Special Features: Attractive foliage, Naturalizing, Suitable for cut flowers, Suitable for dried flowers, Fragrant flowers.

Propagation. Seed – best sown as soon as it is ripe in a cold frame. When sown fresh, the seed produces a root about 6 weeks after sowing with shoots formed in the spring. Stored seed is much slower, it should be sown as soon as possible in a cold frame but may take 18 months or more to germinate. The roots are very sensitive to disturbance, so many growers allow the seedlings to remain in their pots for 2 growing seasons before potting them up. This allows a better root system to develop that is more resilient to disturbance.

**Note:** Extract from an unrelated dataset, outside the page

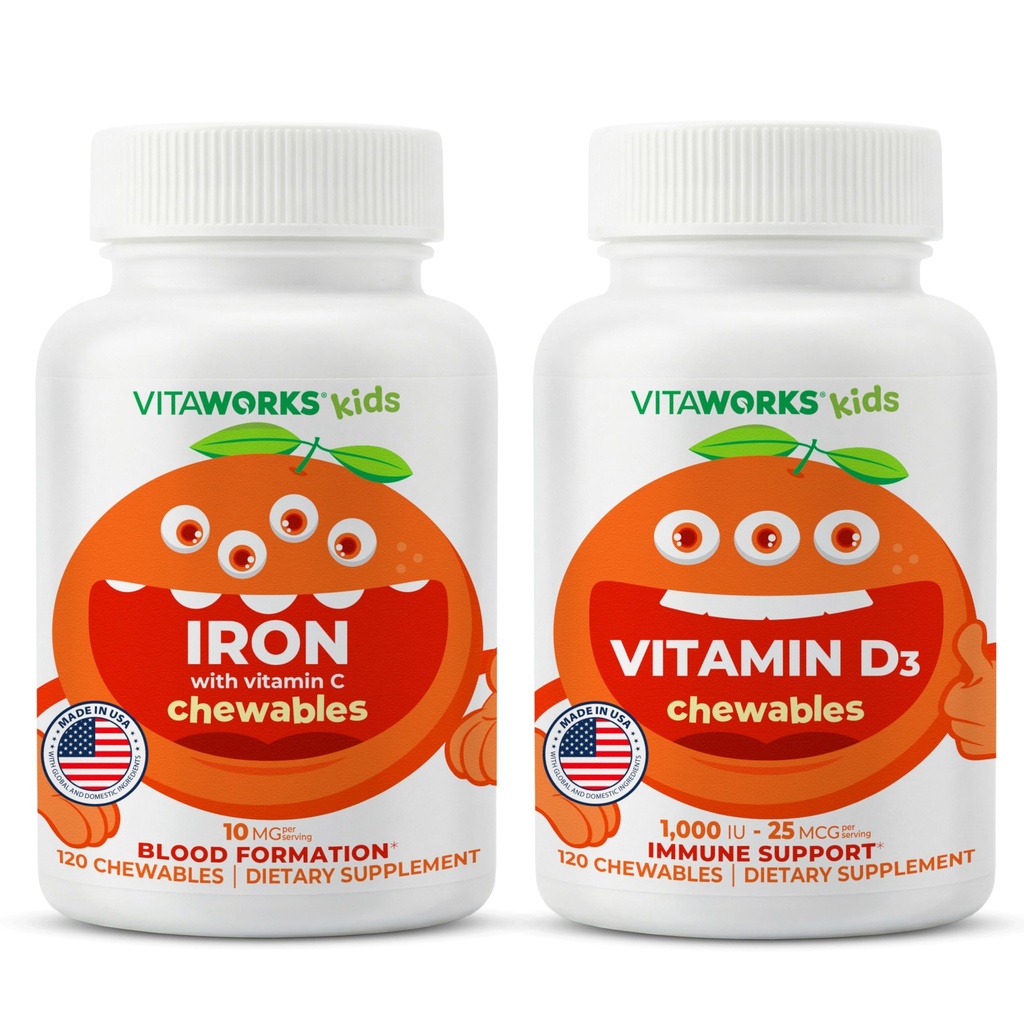 ילדים Iron 10mg + ויטמין C Chewables + ויטמין D3 1000 IU Chewables Bundle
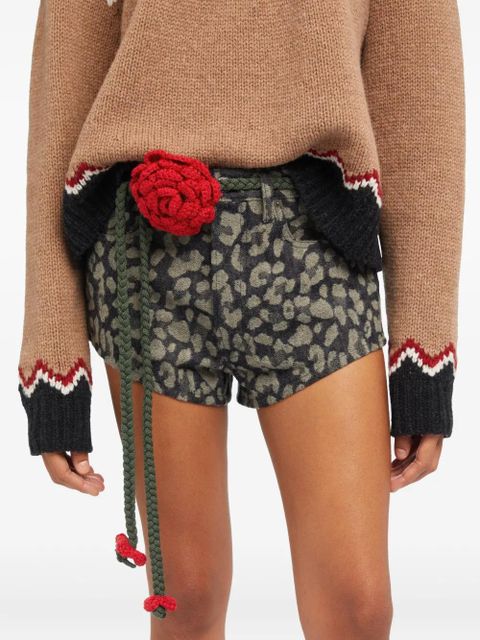 Alanui rose-crochet belt - Green - zdjęcie produktu nr 2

If following this practice, make sure you sow the seed thinly, and give regular liquid feeds in the growing season to ensure the plants are well fed. We usually prick-out the seedlings into individual pots as soon as they are large enough to handle and then grow them on in a cold frame for at least two growing seasons before planting them out when they are in growth in the spring. Division with great care in spring or autumn. Each portion must have a leaf bud. If the lifted root is stood in the shade for several hours it becomes less brittle and easier to divide. Divisions that have several buds will usually flower in the second year, but those that only have one or two buds will take many years before they have grown sufficiently to flower.